We propose that the AIC/SICP arbitration function logically rests within the minister's five pillars announcement and clearly fits within the remit of the CASG Head of AIC.

To what end?

A change like this would drive an evolution in AIC – not a revolution. Many defence primes effectively think capability and jobs now and will easily move into this new mindset. 

But there will be parts of our Australian defence industry base that will be forced to move from thin overseas-owned supplier structures with little more than an ABN, to engaging with agile, innovative Australian owned SMEs who at their core are creating local capability and jobs.

Remember, AIC was built for a different time. It has worked well to date but has important blind spots that aren’t aligned with contemporary community thinking. It can be gamed. In our previous blog we listed seven ways Defence and its prime contractors come to ‘comfortable arrangements’ that support the intent of a project but come at the cost of local content. 

Sensible people look at how they are getting measured and make sensible decisions.

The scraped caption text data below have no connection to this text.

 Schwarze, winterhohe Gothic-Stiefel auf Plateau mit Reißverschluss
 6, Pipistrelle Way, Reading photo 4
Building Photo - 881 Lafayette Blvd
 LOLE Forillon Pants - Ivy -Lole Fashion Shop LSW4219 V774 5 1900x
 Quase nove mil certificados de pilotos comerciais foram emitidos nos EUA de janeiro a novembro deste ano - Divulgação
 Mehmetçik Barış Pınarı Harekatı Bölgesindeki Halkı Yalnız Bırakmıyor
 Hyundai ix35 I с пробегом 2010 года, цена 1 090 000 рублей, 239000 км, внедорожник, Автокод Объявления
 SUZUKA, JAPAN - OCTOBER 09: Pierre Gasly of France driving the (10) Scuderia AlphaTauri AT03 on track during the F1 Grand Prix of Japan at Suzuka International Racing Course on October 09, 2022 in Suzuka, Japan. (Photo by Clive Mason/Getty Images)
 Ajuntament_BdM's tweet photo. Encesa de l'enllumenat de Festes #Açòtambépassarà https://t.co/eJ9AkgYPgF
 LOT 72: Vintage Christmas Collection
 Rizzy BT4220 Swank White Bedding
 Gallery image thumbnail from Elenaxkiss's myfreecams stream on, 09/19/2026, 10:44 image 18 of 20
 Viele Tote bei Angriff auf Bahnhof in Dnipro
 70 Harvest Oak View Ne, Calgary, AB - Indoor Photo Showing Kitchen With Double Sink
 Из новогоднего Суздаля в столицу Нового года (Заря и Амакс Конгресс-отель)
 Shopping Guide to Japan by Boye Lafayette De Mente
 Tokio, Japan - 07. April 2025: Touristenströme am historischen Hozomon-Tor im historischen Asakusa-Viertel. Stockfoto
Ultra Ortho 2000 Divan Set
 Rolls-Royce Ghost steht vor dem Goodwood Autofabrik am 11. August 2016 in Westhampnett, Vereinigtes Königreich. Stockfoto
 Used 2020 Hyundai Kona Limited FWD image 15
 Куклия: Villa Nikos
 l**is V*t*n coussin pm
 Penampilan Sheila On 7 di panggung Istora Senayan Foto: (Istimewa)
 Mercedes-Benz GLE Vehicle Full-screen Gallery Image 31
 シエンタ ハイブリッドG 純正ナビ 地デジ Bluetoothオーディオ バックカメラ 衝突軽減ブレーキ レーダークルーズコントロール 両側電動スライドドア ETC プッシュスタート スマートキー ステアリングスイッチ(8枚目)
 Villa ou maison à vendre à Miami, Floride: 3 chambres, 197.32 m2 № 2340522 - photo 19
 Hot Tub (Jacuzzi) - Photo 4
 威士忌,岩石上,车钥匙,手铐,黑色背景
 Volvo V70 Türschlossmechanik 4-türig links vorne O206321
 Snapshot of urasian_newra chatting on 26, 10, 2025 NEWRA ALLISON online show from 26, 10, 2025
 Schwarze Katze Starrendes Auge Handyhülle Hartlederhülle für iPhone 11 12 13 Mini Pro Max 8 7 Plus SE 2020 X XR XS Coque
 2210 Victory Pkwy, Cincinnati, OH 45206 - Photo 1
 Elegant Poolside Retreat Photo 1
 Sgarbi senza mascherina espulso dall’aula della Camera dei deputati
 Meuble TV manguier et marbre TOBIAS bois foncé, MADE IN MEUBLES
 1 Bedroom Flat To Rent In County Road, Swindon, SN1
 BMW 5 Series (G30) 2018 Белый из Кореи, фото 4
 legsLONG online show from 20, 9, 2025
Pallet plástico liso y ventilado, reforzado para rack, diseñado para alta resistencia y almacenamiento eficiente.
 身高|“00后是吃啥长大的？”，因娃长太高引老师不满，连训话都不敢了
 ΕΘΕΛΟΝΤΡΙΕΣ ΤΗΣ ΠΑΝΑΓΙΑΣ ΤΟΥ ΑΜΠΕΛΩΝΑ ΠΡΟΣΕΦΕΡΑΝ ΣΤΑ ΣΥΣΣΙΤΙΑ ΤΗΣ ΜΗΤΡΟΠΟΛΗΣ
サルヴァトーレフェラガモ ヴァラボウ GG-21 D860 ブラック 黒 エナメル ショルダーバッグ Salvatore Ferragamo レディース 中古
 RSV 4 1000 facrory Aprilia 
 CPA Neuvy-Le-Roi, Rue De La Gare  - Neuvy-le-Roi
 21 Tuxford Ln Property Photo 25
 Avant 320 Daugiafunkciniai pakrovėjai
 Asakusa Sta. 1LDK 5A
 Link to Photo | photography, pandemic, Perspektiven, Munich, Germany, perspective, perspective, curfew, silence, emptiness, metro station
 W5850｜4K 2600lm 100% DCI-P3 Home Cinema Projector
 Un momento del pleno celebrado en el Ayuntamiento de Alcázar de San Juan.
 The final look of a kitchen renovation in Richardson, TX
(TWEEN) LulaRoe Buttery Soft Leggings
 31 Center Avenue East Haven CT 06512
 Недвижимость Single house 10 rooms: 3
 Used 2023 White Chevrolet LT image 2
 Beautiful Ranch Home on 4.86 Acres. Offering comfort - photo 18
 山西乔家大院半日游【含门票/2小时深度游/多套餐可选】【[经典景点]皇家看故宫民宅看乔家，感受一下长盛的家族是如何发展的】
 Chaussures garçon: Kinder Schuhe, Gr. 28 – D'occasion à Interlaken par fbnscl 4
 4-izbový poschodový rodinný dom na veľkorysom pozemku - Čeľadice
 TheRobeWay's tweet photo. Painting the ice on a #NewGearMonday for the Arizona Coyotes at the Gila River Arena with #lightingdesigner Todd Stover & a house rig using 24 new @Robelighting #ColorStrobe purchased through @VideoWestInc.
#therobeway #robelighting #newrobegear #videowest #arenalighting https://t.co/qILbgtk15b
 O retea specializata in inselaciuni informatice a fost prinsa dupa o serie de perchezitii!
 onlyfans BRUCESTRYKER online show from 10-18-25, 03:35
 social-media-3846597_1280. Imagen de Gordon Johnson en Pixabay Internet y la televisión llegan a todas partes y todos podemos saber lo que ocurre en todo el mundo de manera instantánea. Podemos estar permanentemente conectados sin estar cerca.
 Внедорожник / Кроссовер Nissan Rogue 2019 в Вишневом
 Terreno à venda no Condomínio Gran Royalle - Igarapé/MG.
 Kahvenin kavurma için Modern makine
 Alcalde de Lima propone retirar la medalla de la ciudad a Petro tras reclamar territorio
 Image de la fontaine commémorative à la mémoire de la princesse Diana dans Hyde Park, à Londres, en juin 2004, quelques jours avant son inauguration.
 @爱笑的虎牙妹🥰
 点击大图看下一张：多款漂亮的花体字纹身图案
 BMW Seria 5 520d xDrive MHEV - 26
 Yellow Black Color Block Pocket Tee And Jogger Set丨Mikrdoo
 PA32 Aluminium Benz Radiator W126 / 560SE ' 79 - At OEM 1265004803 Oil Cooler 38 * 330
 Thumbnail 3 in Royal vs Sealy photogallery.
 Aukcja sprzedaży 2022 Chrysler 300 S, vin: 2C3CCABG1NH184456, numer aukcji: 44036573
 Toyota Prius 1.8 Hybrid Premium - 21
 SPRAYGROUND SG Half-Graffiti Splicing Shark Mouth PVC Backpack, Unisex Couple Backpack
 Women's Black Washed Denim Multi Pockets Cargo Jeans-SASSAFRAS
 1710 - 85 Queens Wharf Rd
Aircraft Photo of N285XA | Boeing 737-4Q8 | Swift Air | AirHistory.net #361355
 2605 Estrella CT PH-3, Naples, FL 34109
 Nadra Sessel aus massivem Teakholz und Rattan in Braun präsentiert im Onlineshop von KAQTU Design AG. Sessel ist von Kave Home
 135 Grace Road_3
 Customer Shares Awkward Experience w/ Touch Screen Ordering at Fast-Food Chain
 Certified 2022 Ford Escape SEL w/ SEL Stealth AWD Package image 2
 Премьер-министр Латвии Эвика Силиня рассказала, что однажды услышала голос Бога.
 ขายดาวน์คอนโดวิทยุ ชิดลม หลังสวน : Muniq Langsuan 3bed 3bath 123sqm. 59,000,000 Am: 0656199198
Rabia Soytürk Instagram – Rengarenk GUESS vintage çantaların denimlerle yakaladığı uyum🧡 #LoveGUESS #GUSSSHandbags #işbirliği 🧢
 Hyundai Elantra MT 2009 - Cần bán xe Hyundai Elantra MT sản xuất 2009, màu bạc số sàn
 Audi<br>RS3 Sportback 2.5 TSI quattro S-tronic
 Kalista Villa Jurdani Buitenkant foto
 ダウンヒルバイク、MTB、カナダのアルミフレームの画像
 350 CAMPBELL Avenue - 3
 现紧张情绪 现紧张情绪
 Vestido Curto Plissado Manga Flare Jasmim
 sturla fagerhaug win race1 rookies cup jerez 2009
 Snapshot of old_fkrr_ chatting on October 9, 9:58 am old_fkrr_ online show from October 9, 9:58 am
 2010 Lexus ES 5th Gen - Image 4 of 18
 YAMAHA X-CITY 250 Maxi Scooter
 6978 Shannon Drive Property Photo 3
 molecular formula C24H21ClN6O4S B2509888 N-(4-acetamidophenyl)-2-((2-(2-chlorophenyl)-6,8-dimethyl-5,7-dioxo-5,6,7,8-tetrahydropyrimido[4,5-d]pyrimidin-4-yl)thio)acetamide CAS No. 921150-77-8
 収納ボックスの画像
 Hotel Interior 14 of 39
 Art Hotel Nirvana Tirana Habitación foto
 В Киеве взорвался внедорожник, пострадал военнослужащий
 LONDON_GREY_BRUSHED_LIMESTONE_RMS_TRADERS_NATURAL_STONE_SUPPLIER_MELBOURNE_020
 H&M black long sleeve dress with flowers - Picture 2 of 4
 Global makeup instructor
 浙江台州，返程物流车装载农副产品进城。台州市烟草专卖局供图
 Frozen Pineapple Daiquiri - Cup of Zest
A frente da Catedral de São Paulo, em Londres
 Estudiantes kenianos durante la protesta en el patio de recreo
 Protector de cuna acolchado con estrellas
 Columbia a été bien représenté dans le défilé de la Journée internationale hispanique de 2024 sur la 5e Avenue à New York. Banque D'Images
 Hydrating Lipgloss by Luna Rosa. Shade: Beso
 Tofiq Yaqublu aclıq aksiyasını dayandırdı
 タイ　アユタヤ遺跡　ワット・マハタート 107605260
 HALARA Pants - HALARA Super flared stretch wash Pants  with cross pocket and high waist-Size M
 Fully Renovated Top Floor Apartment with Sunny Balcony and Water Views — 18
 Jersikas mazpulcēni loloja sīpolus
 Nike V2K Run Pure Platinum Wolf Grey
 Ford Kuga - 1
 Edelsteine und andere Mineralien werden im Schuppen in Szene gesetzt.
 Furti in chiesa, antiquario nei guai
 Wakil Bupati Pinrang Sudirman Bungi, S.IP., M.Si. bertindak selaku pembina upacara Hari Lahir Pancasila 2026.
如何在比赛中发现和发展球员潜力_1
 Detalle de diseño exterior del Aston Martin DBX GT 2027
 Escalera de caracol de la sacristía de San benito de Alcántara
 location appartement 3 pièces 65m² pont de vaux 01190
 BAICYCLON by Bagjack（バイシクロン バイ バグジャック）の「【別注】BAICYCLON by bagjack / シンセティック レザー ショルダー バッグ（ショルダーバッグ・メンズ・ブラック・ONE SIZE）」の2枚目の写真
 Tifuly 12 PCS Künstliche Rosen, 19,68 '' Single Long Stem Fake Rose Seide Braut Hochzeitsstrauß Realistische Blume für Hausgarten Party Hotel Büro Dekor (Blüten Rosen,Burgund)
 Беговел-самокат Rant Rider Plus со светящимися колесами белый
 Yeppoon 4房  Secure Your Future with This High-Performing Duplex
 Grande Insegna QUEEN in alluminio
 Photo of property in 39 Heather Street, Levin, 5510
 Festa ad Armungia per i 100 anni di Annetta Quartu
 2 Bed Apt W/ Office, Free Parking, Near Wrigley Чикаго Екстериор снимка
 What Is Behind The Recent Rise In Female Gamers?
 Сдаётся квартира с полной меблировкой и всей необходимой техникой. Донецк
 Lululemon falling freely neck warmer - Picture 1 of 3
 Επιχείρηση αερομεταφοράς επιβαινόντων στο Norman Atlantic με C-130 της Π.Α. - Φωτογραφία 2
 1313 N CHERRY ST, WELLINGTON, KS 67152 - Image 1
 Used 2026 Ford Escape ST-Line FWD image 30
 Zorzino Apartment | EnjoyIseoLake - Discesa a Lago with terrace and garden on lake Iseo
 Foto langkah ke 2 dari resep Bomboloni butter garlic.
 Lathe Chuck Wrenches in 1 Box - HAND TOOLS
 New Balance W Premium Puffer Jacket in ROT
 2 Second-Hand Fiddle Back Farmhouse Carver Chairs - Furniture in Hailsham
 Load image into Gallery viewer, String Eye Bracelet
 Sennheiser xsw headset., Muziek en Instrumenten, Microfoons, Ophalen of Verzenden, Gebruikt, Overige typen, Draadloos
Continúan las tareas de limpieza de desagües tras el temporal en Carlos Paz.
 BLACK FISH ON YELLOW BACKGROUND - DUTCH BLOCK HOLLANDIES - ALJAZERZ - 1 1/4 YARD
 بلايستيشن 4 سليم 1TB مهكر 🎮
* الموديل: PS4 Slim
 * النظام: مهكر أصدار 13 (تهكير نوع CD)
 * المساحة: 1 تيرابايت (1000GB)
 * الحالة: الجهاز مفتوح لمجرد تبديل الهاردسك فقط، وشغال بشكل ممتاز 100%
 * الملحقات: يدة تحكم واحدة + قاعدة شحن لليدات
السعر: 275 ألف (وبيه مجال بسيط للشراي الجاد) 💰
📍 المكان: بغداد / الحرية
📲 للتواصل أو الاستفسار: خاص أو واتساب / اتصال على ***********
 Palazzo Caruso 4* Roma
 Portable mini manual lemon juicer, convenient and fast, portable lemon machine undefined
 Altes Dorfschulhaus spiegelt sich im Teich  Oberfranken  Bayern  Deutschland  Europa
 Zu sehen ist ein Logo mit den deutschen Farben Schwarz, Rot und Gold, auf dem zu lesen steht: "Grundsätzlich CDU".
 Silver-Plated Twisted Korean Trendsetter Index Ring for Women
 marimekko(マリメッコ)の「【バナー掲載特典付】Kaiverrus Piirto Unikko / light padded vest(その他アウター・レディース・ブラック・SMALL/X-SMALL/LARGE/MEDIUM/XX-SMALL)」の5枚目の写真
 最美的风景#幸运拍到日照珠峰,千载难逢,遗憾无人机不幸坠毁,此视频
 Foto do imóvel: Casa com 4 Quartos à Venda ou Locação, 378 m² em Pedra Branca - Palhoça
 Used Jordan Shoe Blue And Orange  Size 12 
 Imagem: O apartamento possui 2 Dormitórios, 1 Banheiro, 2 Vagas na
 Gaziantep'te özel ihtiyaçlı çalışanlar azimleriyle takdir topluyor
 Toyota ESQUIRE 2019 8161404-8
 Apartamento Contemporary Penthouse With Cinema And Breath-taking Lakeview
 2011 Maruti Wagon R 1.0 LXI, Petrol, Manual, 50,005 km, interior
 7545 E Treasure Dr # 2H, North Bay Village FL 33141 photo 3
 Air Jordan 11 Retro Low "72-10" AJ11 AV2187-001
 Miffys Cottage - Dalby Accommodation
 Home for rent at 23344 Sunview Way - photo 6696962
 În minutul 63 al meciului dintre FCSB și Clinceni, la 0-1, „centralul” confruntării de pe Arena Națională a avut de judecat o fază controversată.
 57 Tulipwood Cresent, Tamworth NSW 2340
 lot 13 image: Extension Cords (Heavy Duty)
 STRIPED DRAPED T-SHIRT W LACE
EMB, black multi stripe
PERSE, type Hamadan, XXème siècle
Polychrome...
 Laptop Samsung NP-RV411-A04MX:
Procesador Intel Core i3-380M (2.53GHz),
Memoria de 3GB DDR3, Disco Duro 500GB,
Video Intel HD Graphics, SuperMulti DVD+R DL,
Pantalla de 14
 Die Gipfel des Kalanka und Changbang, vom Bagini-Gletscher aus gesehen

In summary the ideas in this article are relatively straight forward:

  • The policy framework employed on the supply side of the defence sector does not work equally well on the demand side. We need different tools to ensure defence demand is accurately targeting the government's stated goals of sovereignty and jobs.
  • Stronger tools beyond incentives – policing demand side behaviours is required particularly in the post-contract award phase. Arbitration for Australian owned companies AIC and SICP proposals is offered as an idea here – nested within the minister’s recently ‘five pllars’ announcement.
  • Implement the five pillars model measuring AIC actually spent using Australian local industry activity (LIA), and not simply assuming that 100 per cent of the revenue line AIC measure is spent in Australia.

This article was co-authored by Mike Kalms, KPMG Australia’s defence industry lead partner, and Chris Williams, managing director, HIFraser.